■ **Directions**: The lines from the one containing "Read 'N Roll" through the last one in the data: please copy those exactly, and only those, without the pictures.

■ **Dataset section**:
□ □ □ □ □ □ □
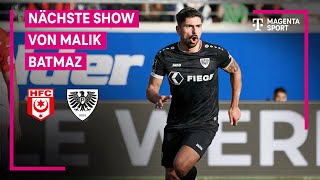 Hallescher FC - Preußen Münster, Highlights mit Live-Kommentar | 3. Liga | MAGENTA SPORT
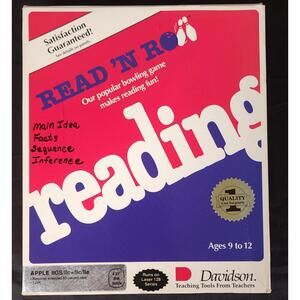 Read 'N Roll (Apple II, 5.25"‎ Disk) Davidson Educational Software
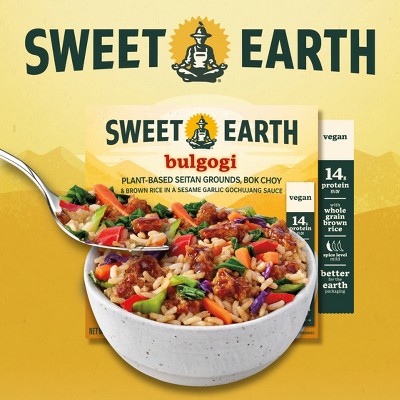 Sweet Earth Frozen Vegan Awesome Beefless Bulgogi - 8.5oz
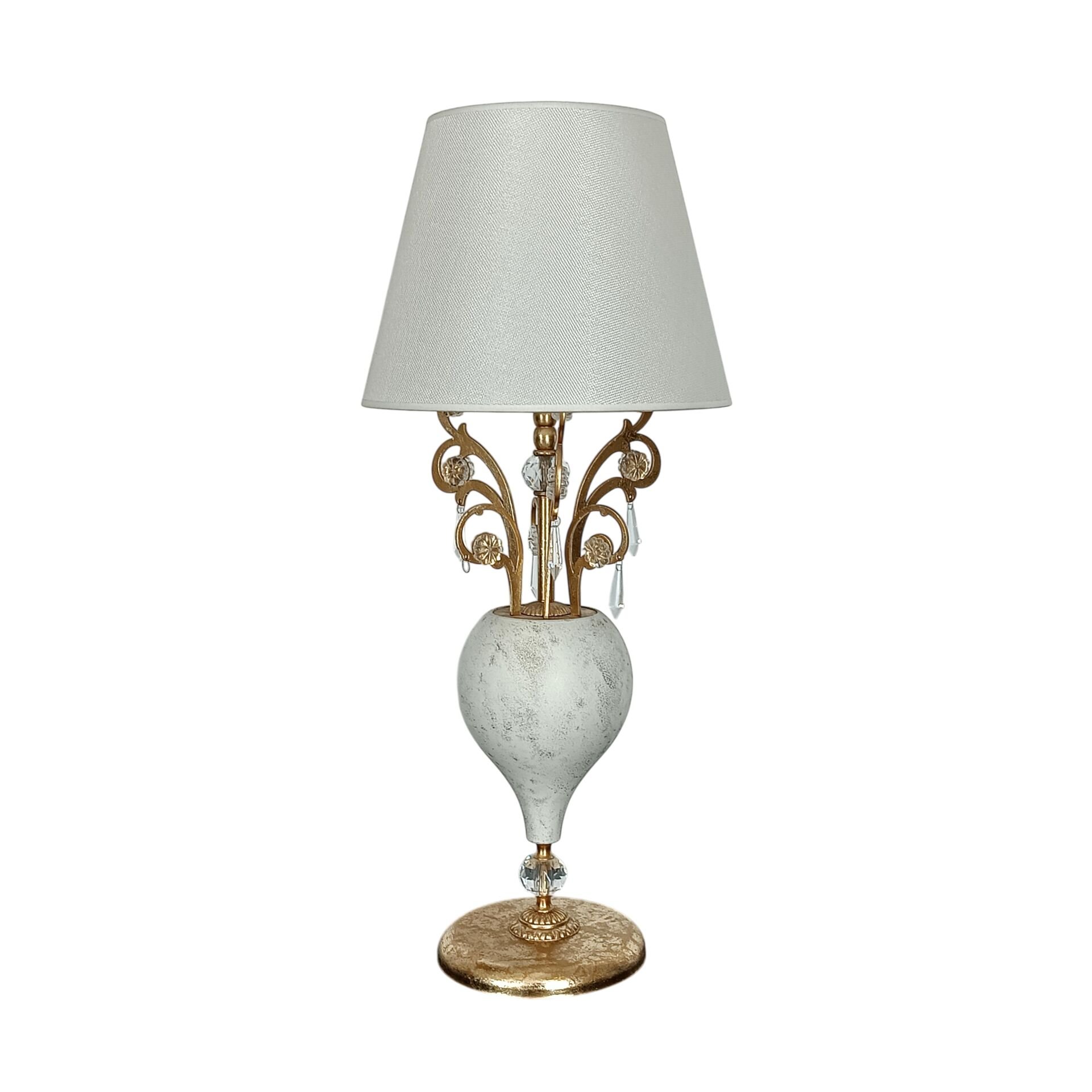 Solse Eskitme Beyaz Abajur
□ □ □ □ □ □ □
■ **Completed task**:
 Read 'N Roll (Apple II, 5.25"‎ Disk) Davidson Educational Software
 Sweet Earth Frozen Vegan Awesome Beefless Bulgogi - 8.5oz
 Solse Eskitme Beyaz Abajur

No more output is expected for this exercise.